What are the functions and powers of GM?

A: A limited liability company may have a general manager, who shall be appointed or dismissed by its board of directors. Generally speaking, the manager is responsible for managing the overall operations of the company, such as implementing the company's resolutions, formulating specific rules and regulations, etc. According to the company law, the manager shall be responsible to the board of directors and shall exercise the following functions and powers:
1. oversee the production and business operations of the company and organize the implementation of the resolutions of the board of directors;
2. organize the implementation of the company's annual operational plans and investment plans;
3. draw up plans on the establishment of the company's internal management departments;
4. draw up the company's basic management system;
5. formulate the company's specific rules and regulations;
6. propose the appointment or dismissal of the company's any deputy manager and financial principal;
7. decide on the appointment or dismissal of executive personnel other than those whose appointment or dismissal is to be decided by the board of directors; and
8. any other function or power conferred on the manager by the board of directors.
Where the functions and powers of the manager are otherwise provided in the articles of association, the articles of association shall prevail.
The manager shall attend meetings of the board of directors as a non-voting attendee.


Q8

Does the company have to set up a board of supervisors?

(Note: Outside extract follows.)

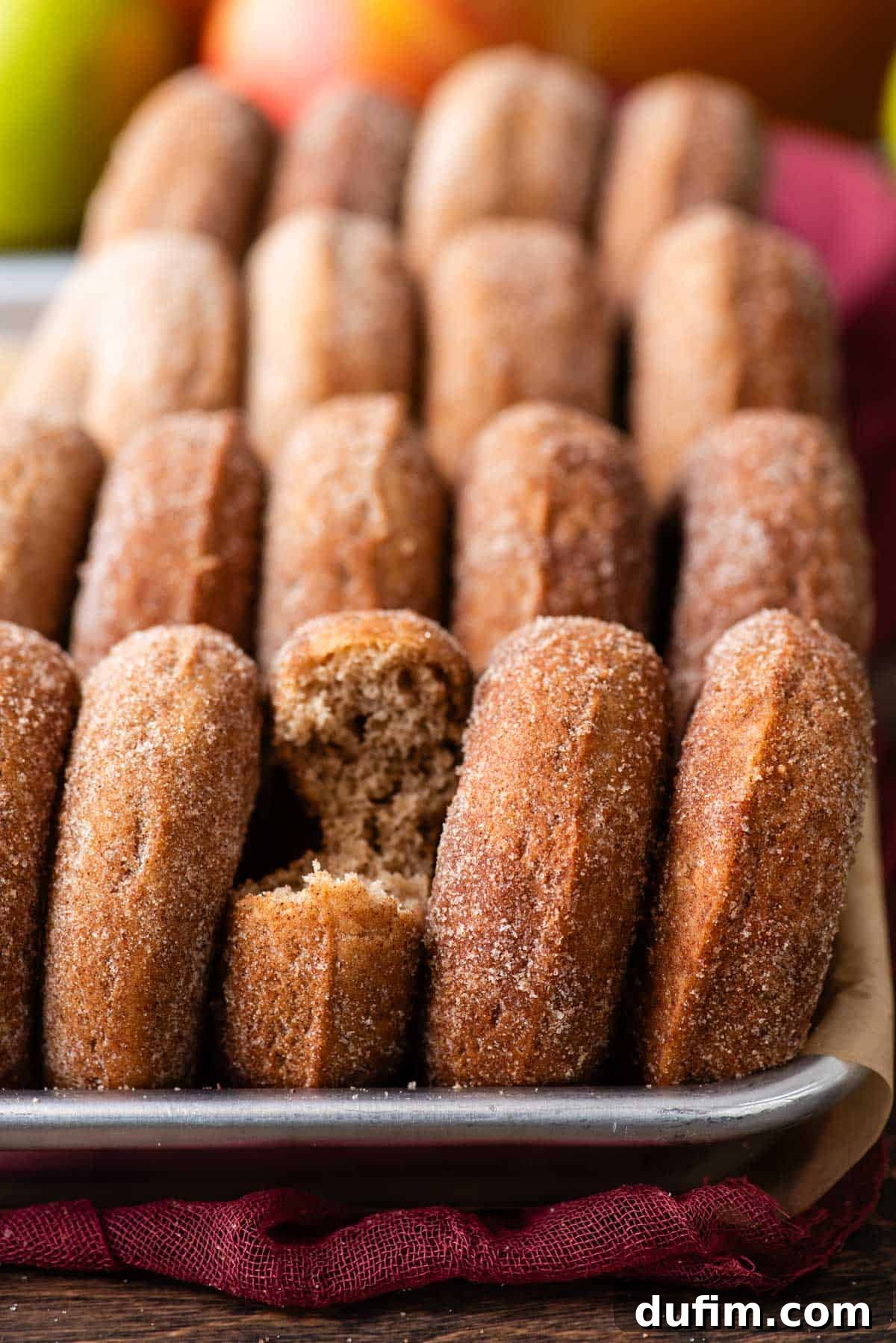 A close-up view of a baking sheet generously filled with perfectly baked apple cider donuts, neatly lined up on their sides. One donut in the foreground reveals a small bite taken out, inviting viewers to experience its delicious texture and flavor.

A: It depends. A limited liability company shall have the board of supervisors composed of no less than 3 members. Limited liability companies with a smaller number of shareholders or those of a smaller scale may have one to two supervisors without setting up the board of supervisors.


Q9

What are the functions and powers of supervisor(s)?

A: The main function of supervisor(s) is to supervise the work of directors and senior officers. According to the Company Law, the board of supervisors or, where there is no board of supervisors, the supervisor(s) of a company shall exercise the following functions and powers:
1. inspect the financial affairs of the company;
2. supervise performance of the directors and senior officers of their respective company duties and propose the removal of any director or senior officer who violates any law, administrative regulation, the articles of association or any resolution of the board of shareholders;
3. require any director or senior officer to take corrective action where his actions damage the interests of the company;
4. propose the holding of interim meetings of the board of shareholders and convene and preside over meetings of the board of shareholders where the board of directors does not exercise its duties in this regard as prescribed in the Law;
5. put forward proposals at meetings of the board of shareholders;
6. initiate lawsuits against a director or senior officer in accordance with Article 151 of the Law; and
7. any other function or power specified in the articles of association.


Q10

Can financial personnel act as supervisors? How about the normal financial personnel?

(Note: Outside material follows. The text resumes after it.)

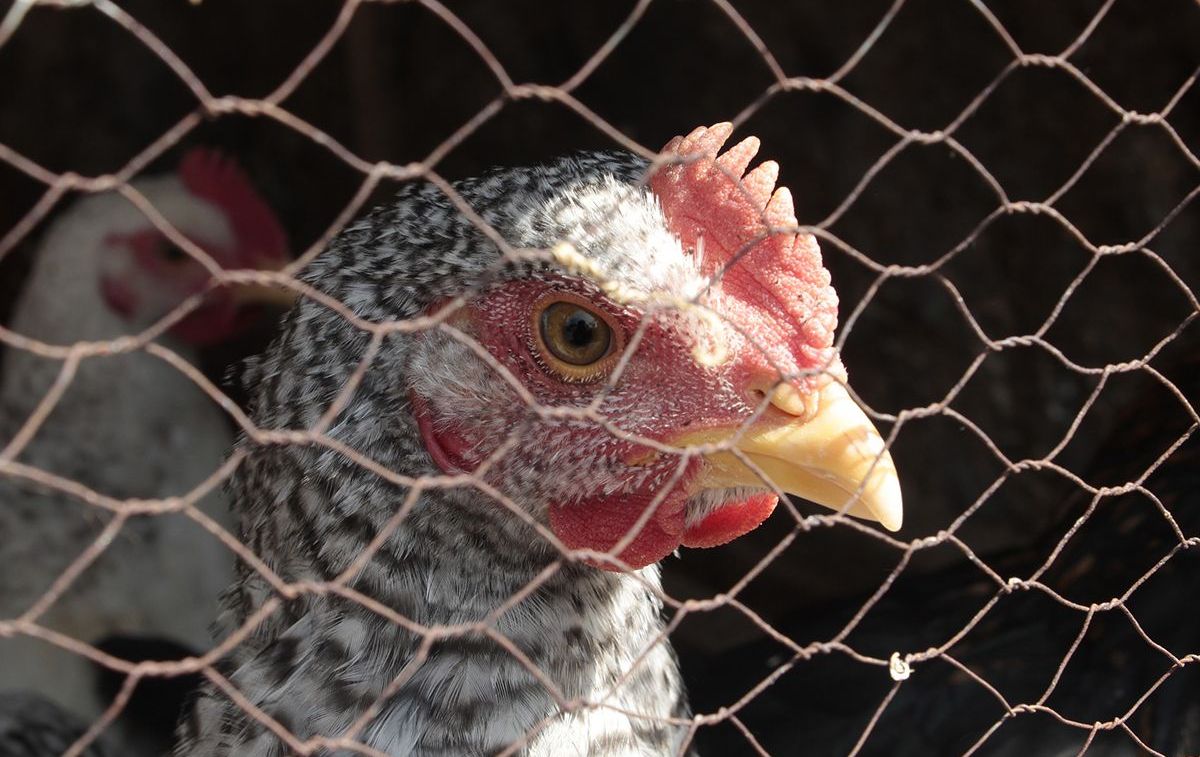 Gallinas ponedoras de huevos en una jaula / PIXABAY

A: The Company Law clearly stipulates that the directors or senior officers of the company shall not concurrently serve as supervisors. If the financial personnel acting as the senior executive responsible for managing the financial actions of a company, he/she is forbidden to hold the position of a supervisor.

We recommend normal financial personnel not serve as supervisors neither. Since one of the functions and powers of the supervisors is: inspecting the financial affairs of the company, if the supervisor of a company is a normal financial personnel, he/she shall inspect his/her own work(financial affairs) which may cause risks to the company.